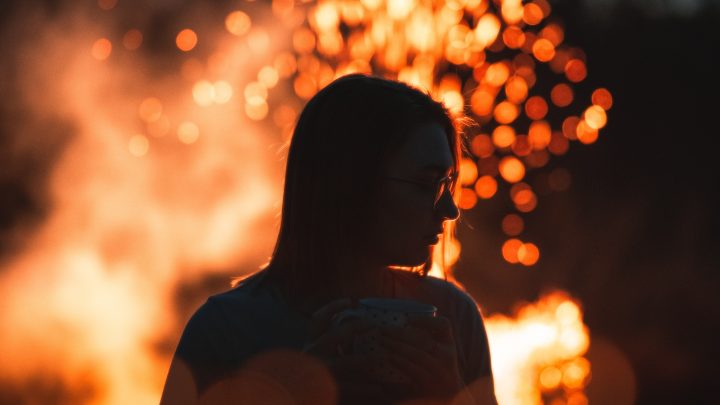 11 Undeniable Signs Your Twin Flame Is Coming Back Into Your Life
* * *
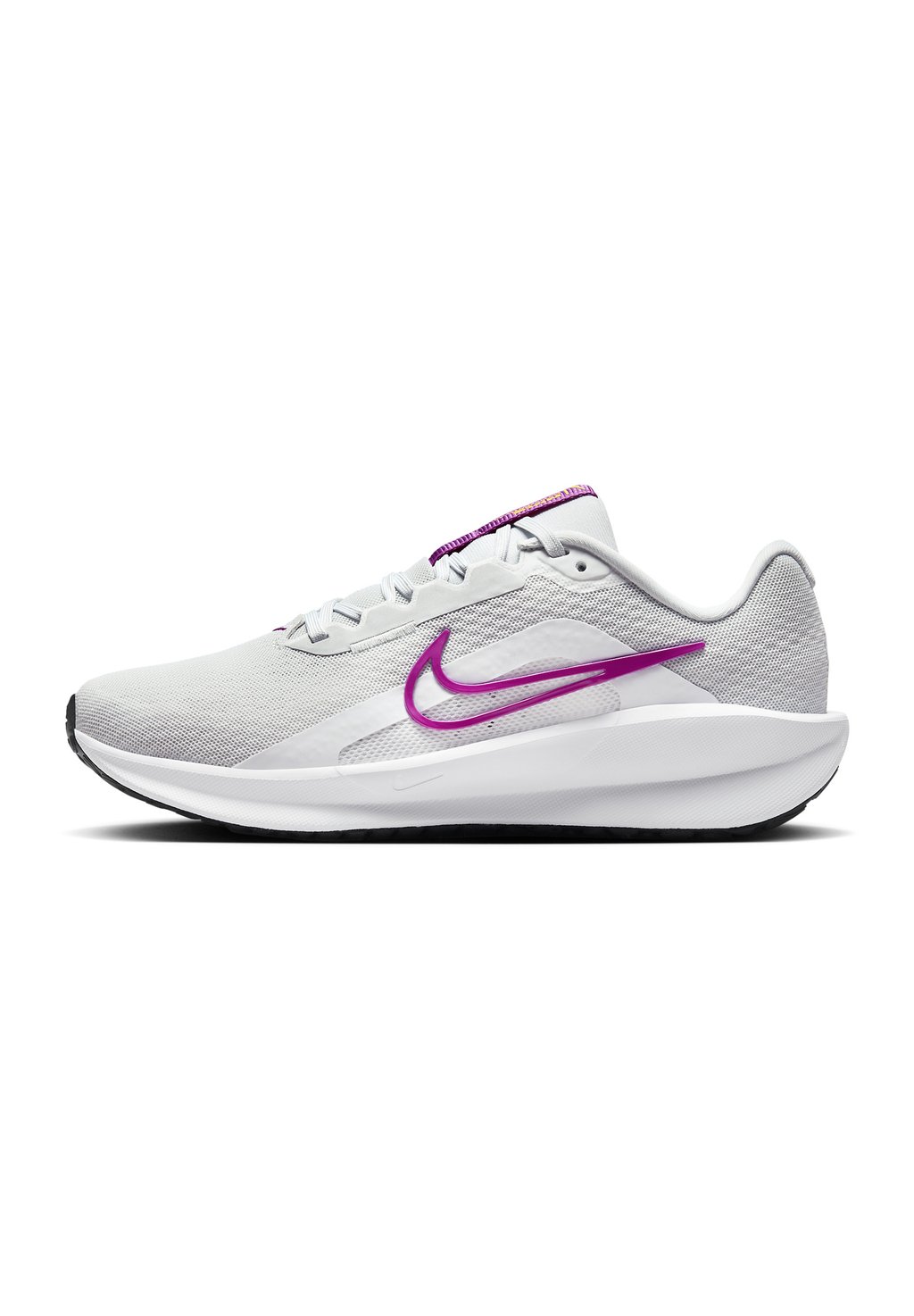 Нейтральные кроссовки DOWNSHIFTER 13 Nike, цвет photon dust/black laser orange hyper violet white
--
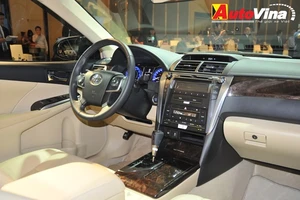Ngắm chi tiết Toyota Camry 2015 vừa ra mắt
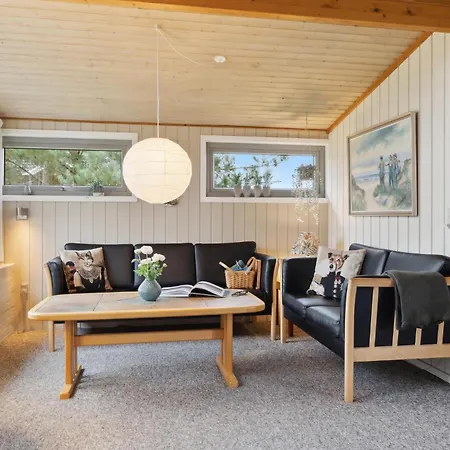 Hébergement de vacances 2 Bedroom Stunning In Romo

▶ **Directions for this task**
Leave the pictures out, and transcribe exactly the lines above starting at the one that contains "Ngắm chi tiết Toyota Camry 2015 vừa ra mắt" and ending at the one that contains "Hébergement de vacances".

▶ **Written solution**
Ngắm chi tiết Toyota Camry 2015 vừa ra mắt
 Hébergement de vacances 2 Bedroom Stunning In Romo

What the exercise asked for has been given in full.